This time-series data needs to be stored in purpose-built platforms that are equally resilient and can be deployed on highly available and scalable infrastructure.
TDengine: Natively Distributed and Scalable
TDengine, as a time-series database purpose-built for Industry 4.0 and Industrial IoT, is easily deployed on any platform to ensure high availability and scalability. In this blog we specifically show how TDengine can be deployed in cluster of VMs and remain operational even with the loss of a node.
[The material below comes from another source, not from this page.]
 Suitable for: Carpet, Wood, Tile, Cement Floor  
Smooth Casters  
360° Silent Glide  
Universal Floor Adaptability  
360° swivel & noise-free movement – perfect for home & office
Firstly, it is important to note that the logical architecture of TDengine is itself designed to be distributed, highly available and scalable. It will be useful if you read about the distributed architecture of TDengine first, in order to follow this blog. Specifically, it will help to know the concepts of “dnodes”, “vnodes” and “mnodes”.
Setting up a VM Cluster
For the purposes of this blog, I set up 3 Ubuntu VMs in VirtualBox locally, and demonstrate how to set up a TDengine cluster for high availability.
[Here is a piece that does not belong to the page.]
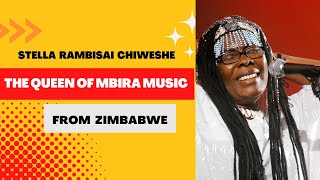 Stella Rambisai Chiweshe -The Queen of Mbira Music from Zimbabwe - (Breif Summery)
If you already have other virtualization software, you can, of course, use that software and skip this section.
Install VirtualBox
Firstly, you must install VirtualBox. Please follow the instructions for your particular host operating system.
Create a NAT Network
Create VMs
For this blog we chose to create Ubuntu 22 VMs.
For each VM we allocated 2G RAM and 1 CPU.
We also created network adapters as follows in each VM.
Note that you choose the NAT network that you created in in the previous step.
See the Ubuntu website for information on how to create an Ubuntu VM in VirtualBox.
Update /etc/hosts files on each VM
You can run the following to get the IP address of each node.
tdengine@tdc01:~$ ifconfig
enp0s3: flags=4163<UP,BROADCAST,RUNNING,MULTICAST> mtu 1500
inet 10.0.2.4 netmask 255.255.255.0 broadcast 10.0.2.255
inet6 fe80::77b9:e21f:2466:22b2 prefixlen 64 scopeid 0x20<link>
ether 08:00:27:96:fb:81 txqueuelen 1000 (Ethernet)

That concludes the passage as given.